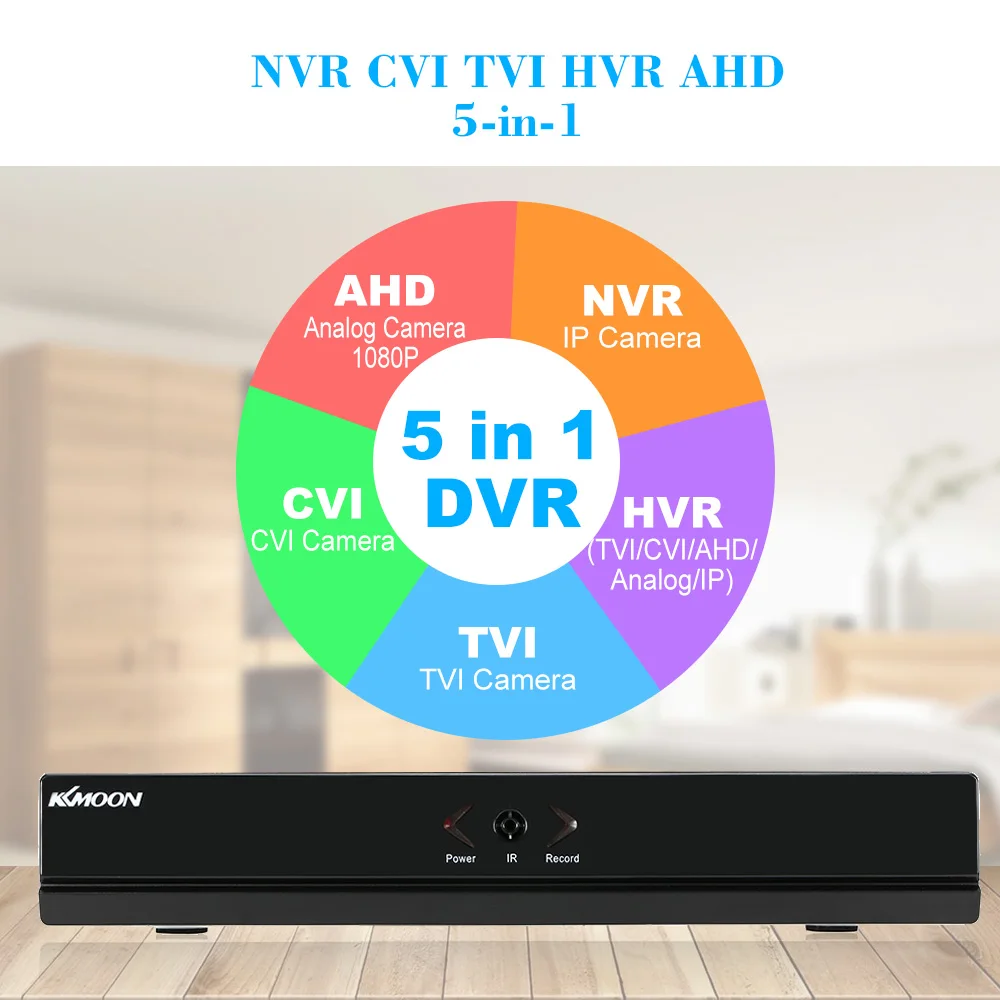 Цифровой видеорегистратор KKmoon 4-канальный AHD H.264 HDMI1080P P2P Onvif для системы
------------
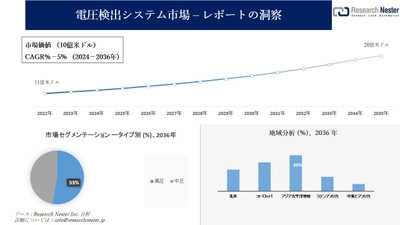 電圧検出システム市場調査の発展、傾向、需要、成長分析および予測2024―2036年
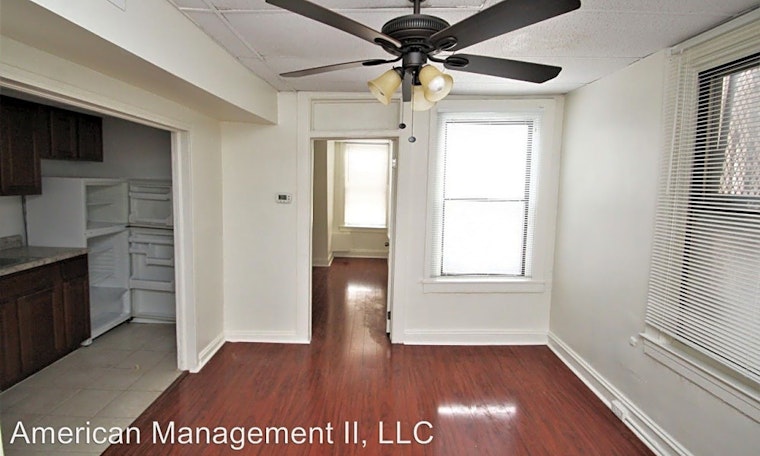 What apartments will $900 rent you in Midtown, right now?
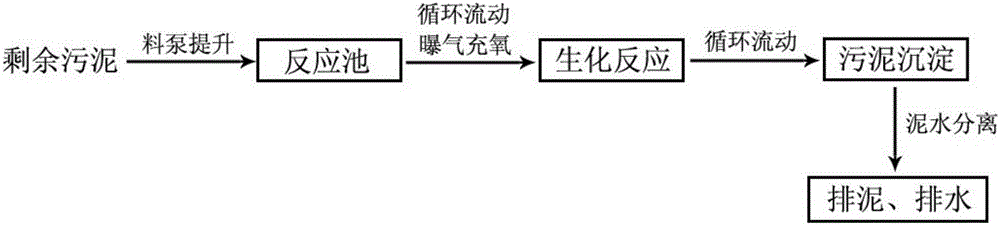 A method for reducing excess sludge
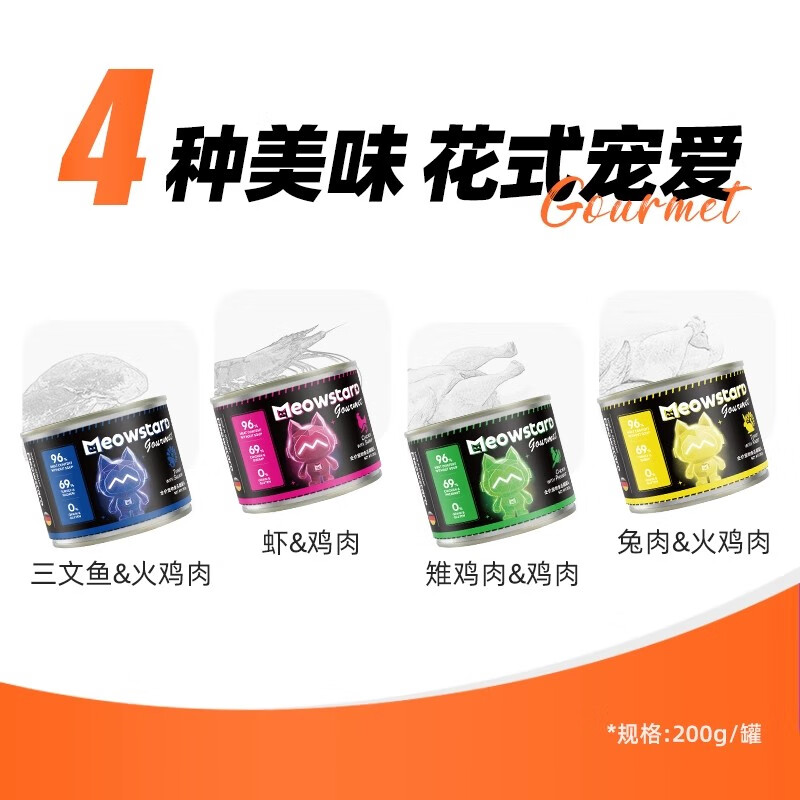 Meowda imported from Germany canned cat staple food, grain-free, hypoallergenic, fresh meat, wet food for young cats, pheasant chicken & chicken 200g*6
------------
Directions = Reproduce, word for word, only the lines in the records above from the line with "電圧検出システム市場調査の発" through the line with "Meowda imported from", including both ends; omit the pictures.

Worked solution =
 電圧検出システム市場調査の発展、傾向、需要、成長分析および予測2024―2036年
 What apartments will $900 rent you in Midtown, right now?
 A method for reducing excess sludge
 Meowda imported from Germany canned cat staple food, grain-free, hypoallergenic, fresh meat, wet food for young cats, pheasant chicken & chicken 200g*6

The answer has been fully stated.